● **Your objective**
Carry none of the pictures over; write out the complete data exactly.

[[ Given data open ]]

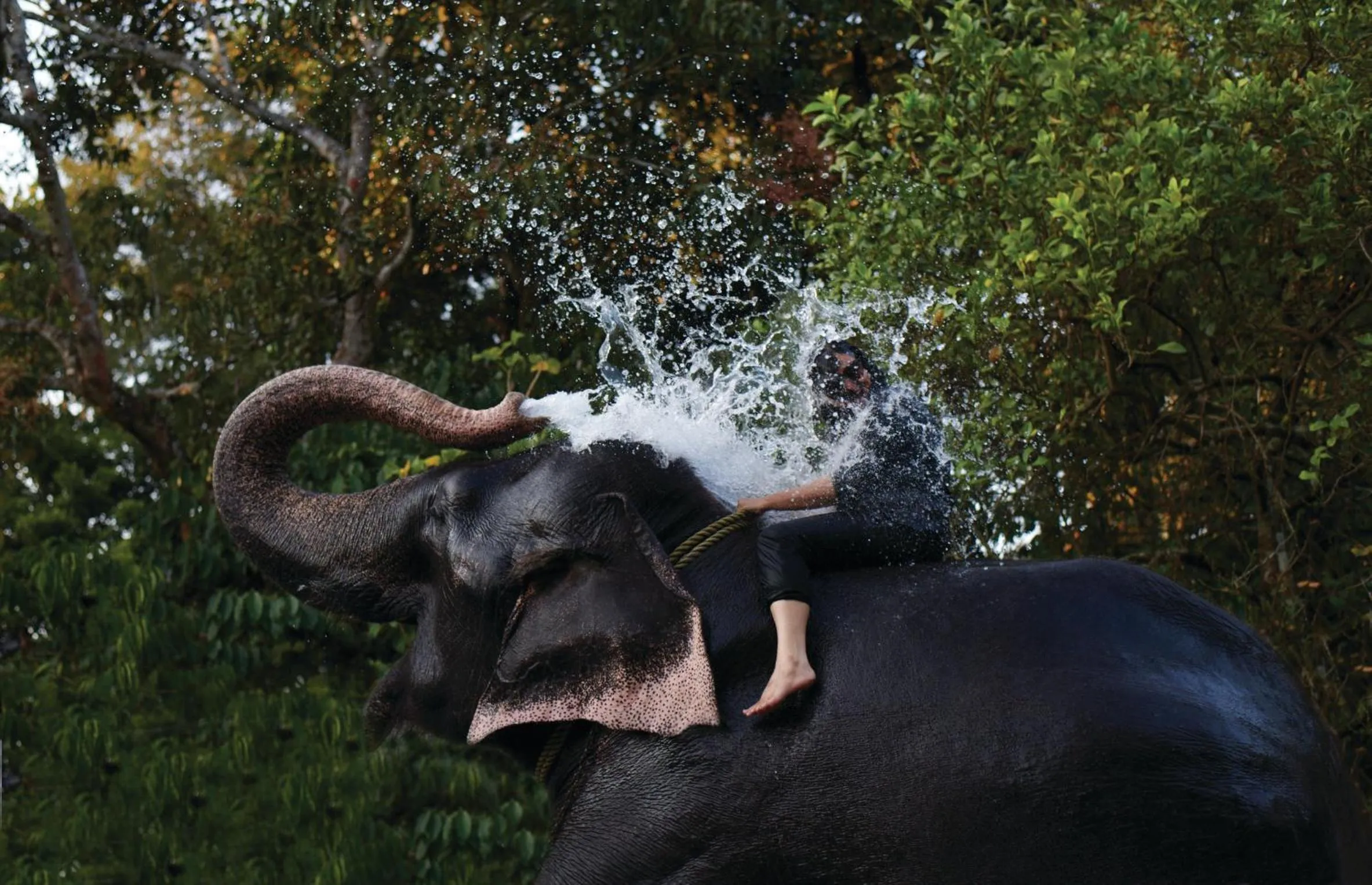 Off site in Cardamom County by Xandari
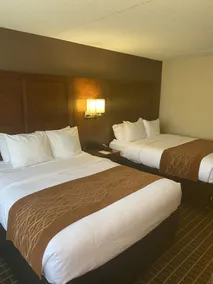 Comfort Inn Springfield - Chambre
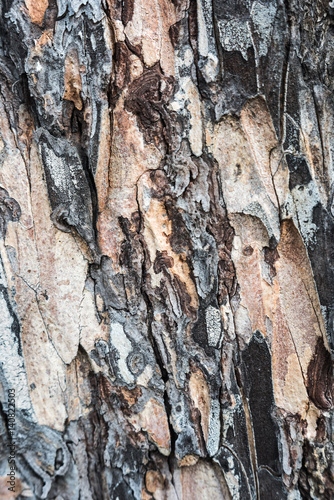 Fototapeta Naklejka Na Ścianę i Meble -  Bark of pine close. Natural texture and background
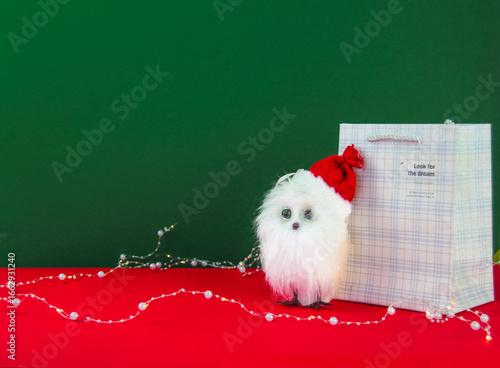 New Year and Christmas owl stands with a gift bag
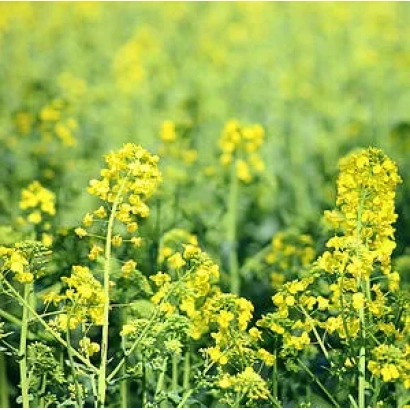 Поле рапса с желтыми цветами - ПР 45 Д 05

[[ Given data closed ]]

● **Answer for this exercise**
 Off site in Cardamom County by Xandari
 Comfort Inn Springfield - Chambre
 Fototapeta Naklejka Na Ścianę i Meble -  Bark of pine close. Natural texture and background
 New Year and Christmas owl stands with a gift bag
 Поле рапса с желтыми цветами - ПР 45 Д 05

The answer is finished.